Think about your retirement accounts. “Divorce can impact your retirement trajectory and other long-term goals and risk preferences, so it is crucial to revisit your investment portfolio to readjust and rebalance,” Richardson says. “Also consider how divorce may impact your retirement accounts. This typically depends on the divorce settlement as well as when the accounts were established, state laws and any preexisting agreements like a prenup.”
Financial Steps to Take After a Divorce
You may need to make changes to existing documents and accounts. This is especially true if your name is changing.
“This should include name changes with your employer, the Social Security Administration, DMV, bank and investment accounts, insurance agencies and creditors,” Richardson says.

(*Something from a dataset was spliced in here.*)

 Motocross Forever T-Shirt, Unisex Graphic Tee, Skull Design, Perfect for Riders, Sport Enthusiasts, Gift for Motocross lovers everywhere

She adds that you will also want to think about things like a will and estate plan, beneficiaries on accounts and life insurance, property titles, credit reports and tax-filing choices.
Don’t get too complacent. Seale warns that she has seen that happen to many divorced individuals, where they think they have a financial arrangement worked out with an ex, but unfortunately, the ex doesn’t do what they agreed to do.
Seale used to work at the IRS, and says that some spouses will agree to make car loan payments for the ex, who is still driving the car. But sometimes they will stop.
Worse, if the car payment isn’t made, but the car title is under your name, the IRS will consider your repossessed vehicle as debt cancellation, according to Seale. “Therefore, it’s income you claim on your tax return,” Seale says. This is another reason why it’s so important to be careful to take the right financial steps before, during and after a divorce.